### Available data
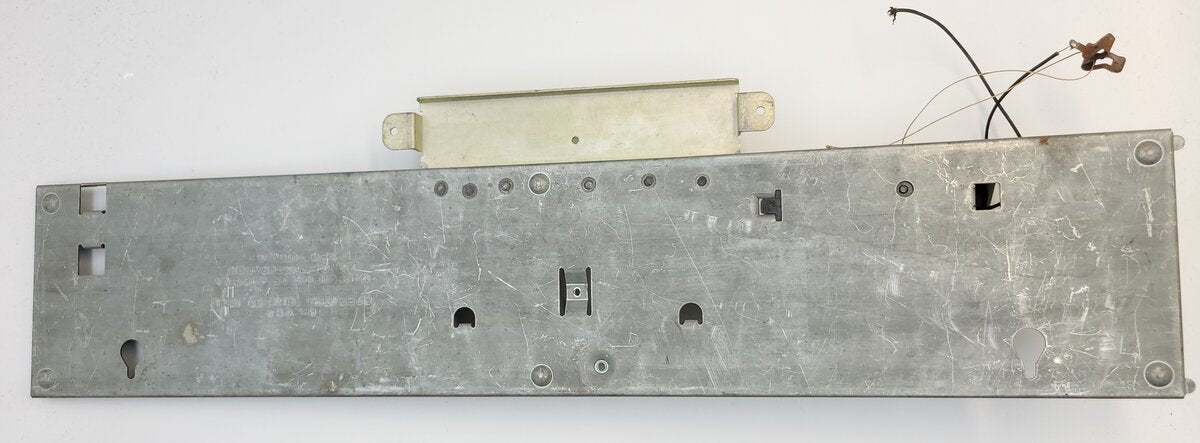 Lionel 464-100 Operating Lumber Mill Base with Sawmill Vibrator Motor Assembly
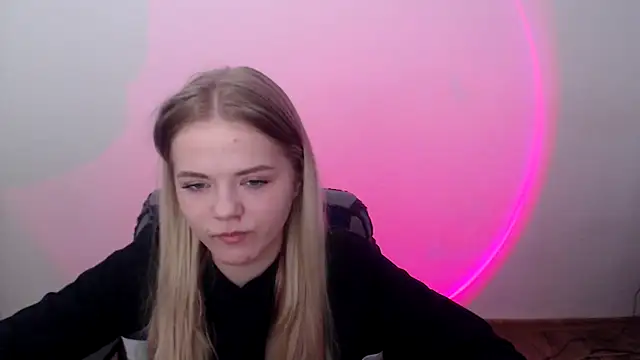 Snapshot of FoxiLana chatting on March 5, 2026, 8:33 am FoxiLana online show from March 5, 2026, 8:33 am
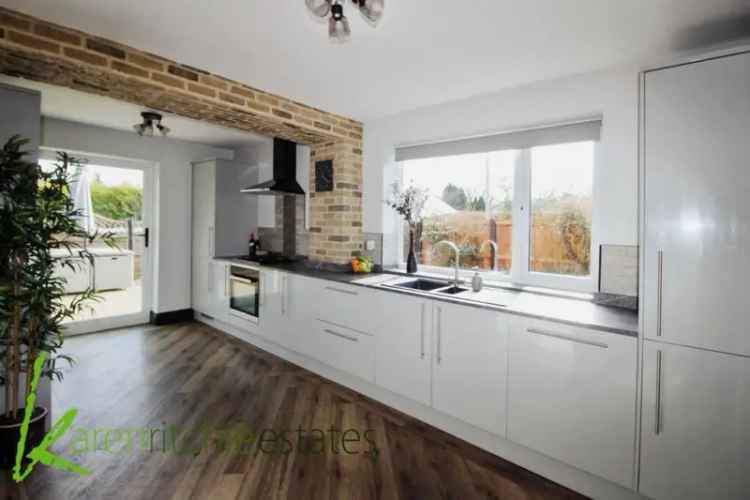 3 Bedroom Semi Detached House For Sale Moss Bank Park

### Description of the task
Leave the pictures out and return the rest of the listing exactly.

### The answer
 Lionel 464-100 Operating Lumber Mill Base with Sawmill Vibrator Motor Assembly
 Snapshot of FoxiLana chatting on March 5, 2026, 8:33 am FoxiLana online show from March 5, 2026, 8:33 am
 3 Bedroom Semi Detached House For Sale Moss Bank Park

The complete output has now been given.